Debts are multiplied
The increase experienced in exchange rate has also led the private sector of Turkey – which have 100 billion forex assets against 311 billion worth of liabilities – to be burdened with multiplied debts. The 211 billion dollars worth of total debt of the sector equaled to 622 billion TL in August; that debt has now increased to 732 billion TL.
Unemployment is actually %20
Unemployment, which was reported by Turkey’s state institutions as 9.3% earlier in April this year, began to increase lately. According to the latest data released in August, unemployment stood at 11.3%. Experts underline that this rate go up much further until February of 2017. On the other hand, Union of Progressive Workers stated that the actual rate of unemployment is as high as 20% as of now.

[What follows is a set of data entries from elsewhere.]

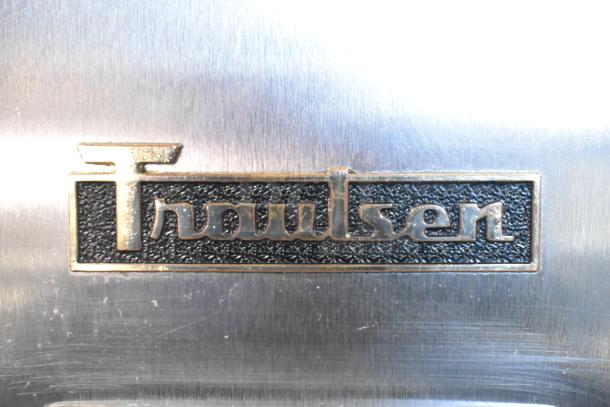 Traulsen TBC13 logo plate on stainless steel surface, highlighting brand detail of a 2019 commercial blast chiller.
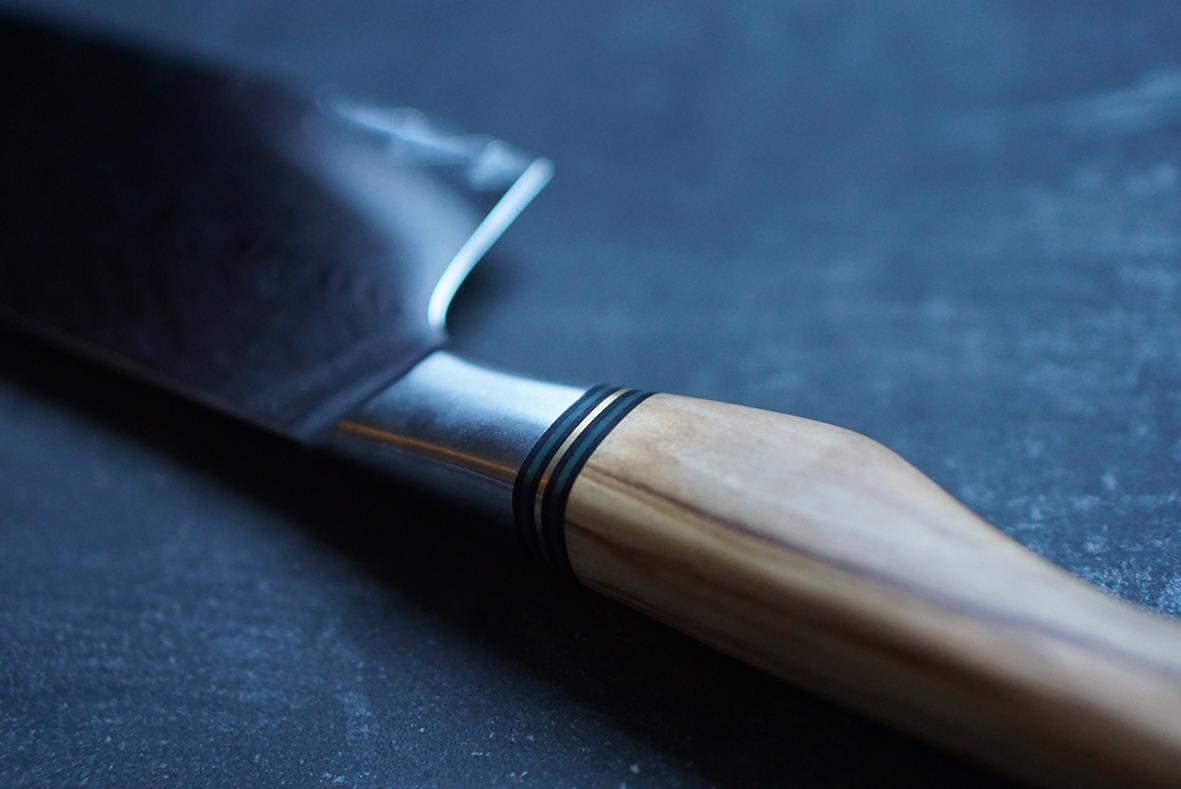 Kockkniv med trähandtag och svart blad liggande på mörk bakgrund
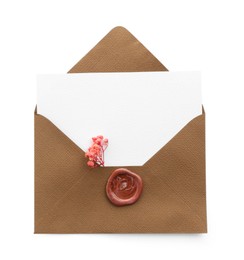 Photo of Blank invitation card and envelope with flower isolated on white, top view. Space for design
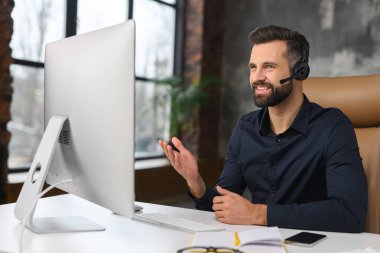 İşyerinde internetten konuşmak için kulaklık ve bilgisayar kullanan neşeli bir adam. Ofis masasında oturan ve gülümseyerek çalışan kendine güvenen bir adam.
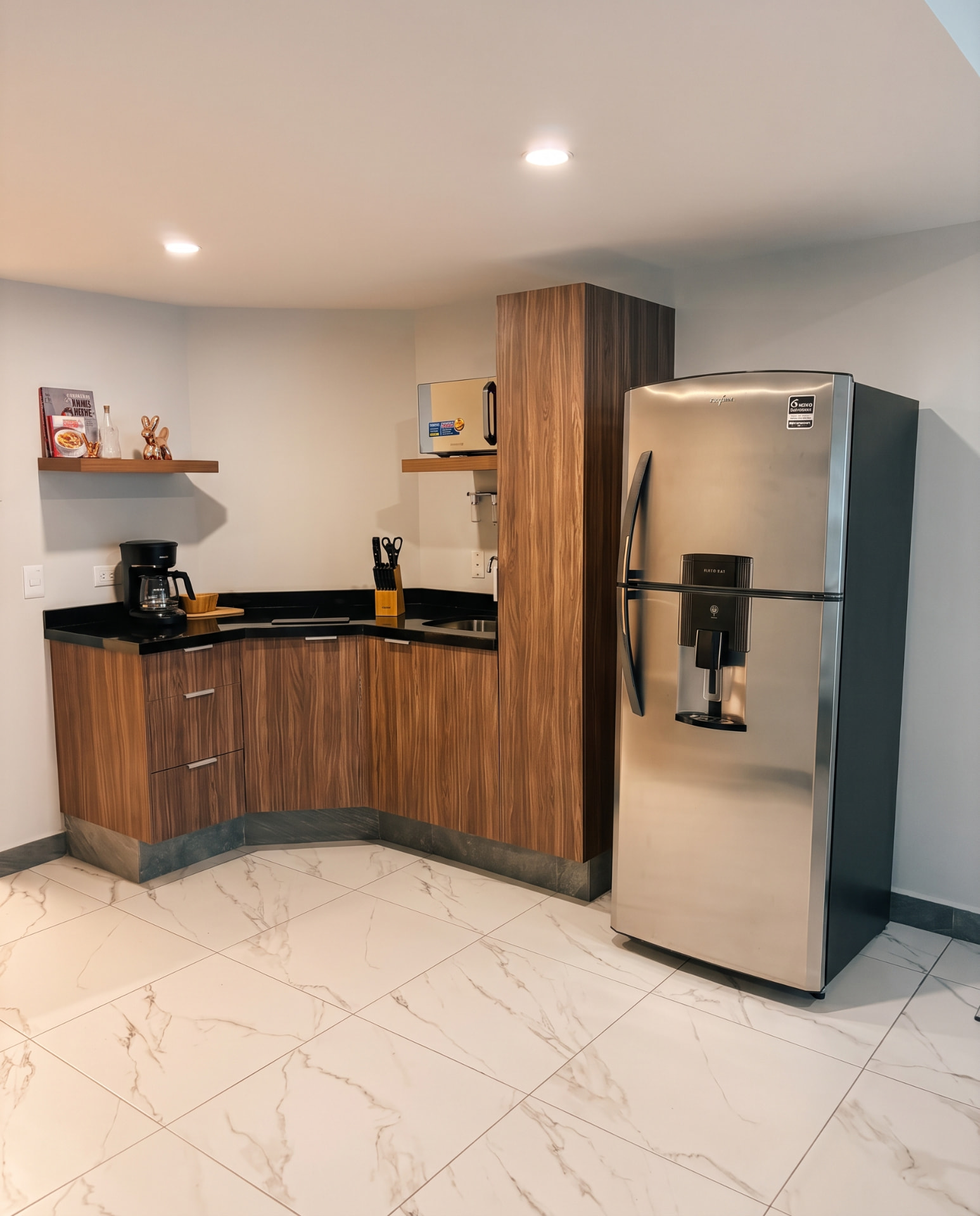 Cocina con gabinetes de madera, cubierta negra y refrigerador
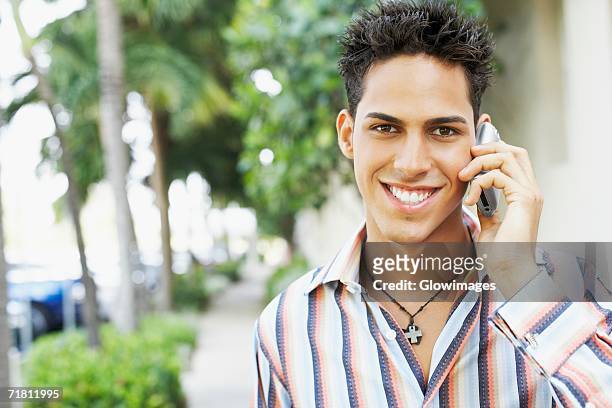 portrait of a young man talking on a mobile phone - cross stripes shirt stockfoto's en -beelden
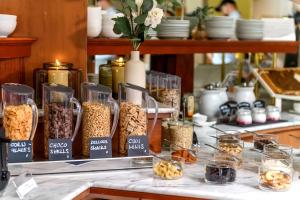 a display of cereals in glass containers on a counter at Vital Hotel Krainz mit Nebenhaus Familien Hotel in Loipersdorf bei Fürstenfeld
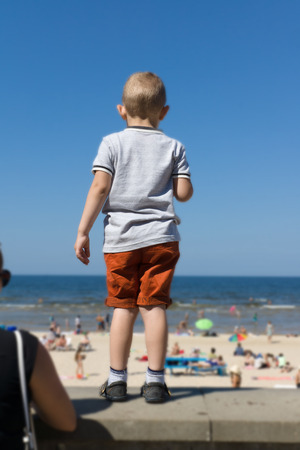 the boy in shorts looks from the embankment at the seaの写真素材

Growth rate is on the fall
Turkey’s economic growth rate began to slow down during the second quarter of the year and fell under 4.8%, which was the rate at the beginning of the first quarter. Despite all the magnified domestic demand and increased state expenses, growth rate stood at 3.1% by the end of the second quarter.

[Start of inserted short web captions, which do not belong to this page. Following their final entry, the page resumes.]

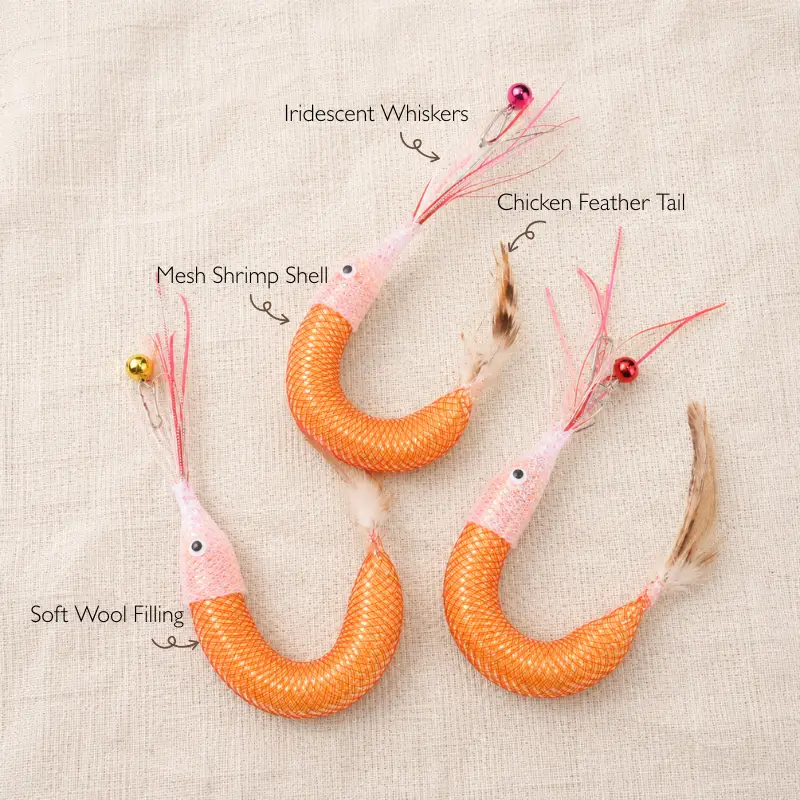 Material details of a handmade shrimp cat toy wand refill showing mesh shrimp shell, soft wool filling, chicken feather tail, and iridescent whiskers.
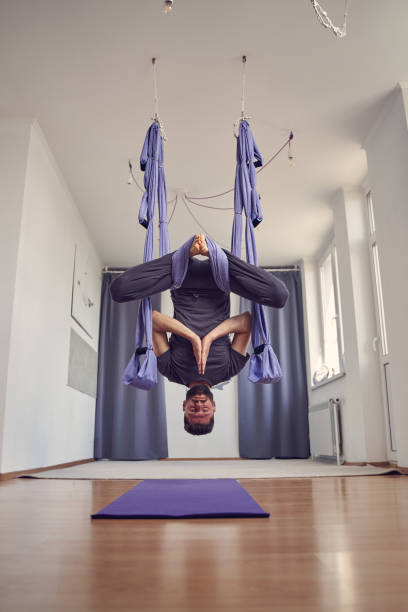 istock Athletic man doing inverted pigeon pose while practicing aerial yoga 1252417339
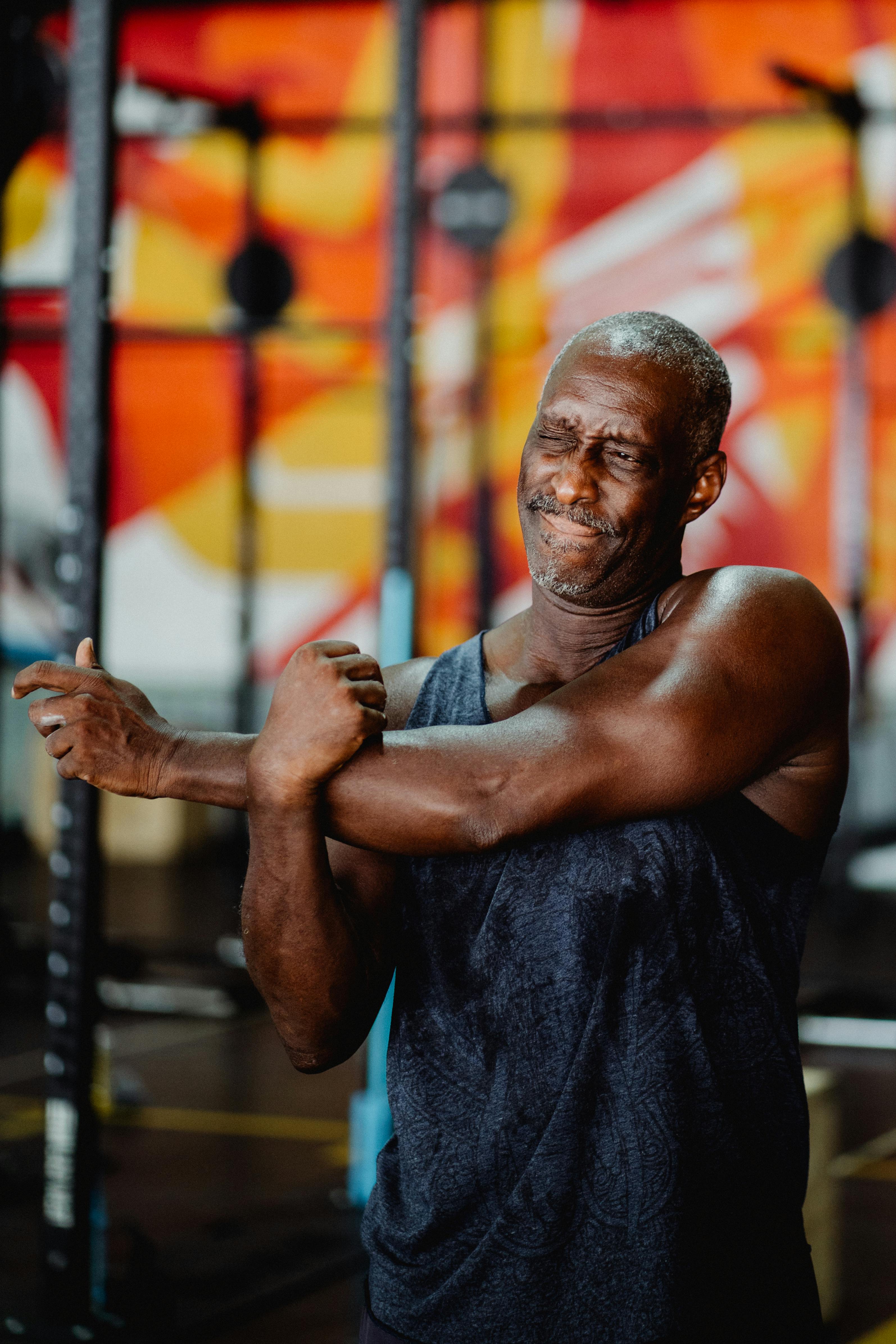 shallow focus photo of man stretching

According to a latest report of BETAM (Bahçeşehir University Center for Economic and Social Research), while the expected increase in the growth rate for the month of November 2016 is only 0.1%, annual growth rate will remain at 2.6%.
There are also speculations Turkey might actually experience a negative growth by the end of the third quarter.

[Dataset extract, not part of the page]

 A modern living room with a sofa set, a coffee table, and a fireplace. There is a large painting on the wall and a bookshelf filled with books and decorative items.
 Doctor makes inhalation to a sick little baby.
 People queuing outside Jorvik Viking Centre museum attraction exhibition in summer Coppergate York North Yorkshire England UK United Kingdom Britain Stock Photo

Signs of crisis in industry
Latest data released signal a crisis in industries. According to the data of Turkish Statistical Institute, industrial production in September went down by 3.8% in comparison to the month of August.
On the other hand, report of the Union of Chambers of Turkish Engineers and Architects on ‘Problems of Turkey’s Industry and Analysis’ indicates that a low paced industrial production, investments, and employment will continue in 2017, as well. As factories refrain from making investments, 67% of the profits go to interest rates.
Tourism is as we know
One of the sectors that paid the highest price of wrong foreign policies in Turkey is the tourism sector and it has not been able to shake off from it. According to latest data, number of foreign visitors in Turkey during the month of September this year fell down by 32.84% compared to the same month last year.
Domestic markets are stagnated
Stating that the most recent data demonstrates how the country’s economy is almost shredded to its pieces, faculty member of Gazi University’s Economics Department Prof. Aziz Konukman pointed out that domestic markets are in a major stagnation.
Talking to BirGün, Prof. Konukman explained: “There is a 27.3% lessening in taxes collected for sold items. This is an indication of a major regression in domestic markets… The latest increase in ÖTV (special consumption taxes) has been applied mainly on very luxurious cars. However, these kinds of cars are generally purchased by firms. Firms would buy the cars and pay the ÖTV and KDV (VAT). But since they have the option to deduct it under corporate tax, Turkey’s State would end up receiving taxes from one end but giving it back from another.
A crisis greater than that of 2001 might be on the way for Turkey
Also commenting on the severity of the point reached in Turkey’s economy, Prof. Hurşit Güneş said the government is still ‘incapable of comprehending the extent of this peril’.
Güneş also explained that while the crisis of 2001 had emerged due to debts of the state and its adjustment and refinancing was therefore easier, the current debt belongs to the private sector, making it seriously difficult and complicated to have control on.
Drawing attention to the impact of coup attempt and state of emergency, Güneş also said with clashes both within and outside, as well as the restrictions on democratic practices and freedoms, Turkey stands as a risk for foreign investors. Güneş also pointed out the impact of the situation with Europe, adding ‘Turkey is likely to lose its attraction as a good investment point’.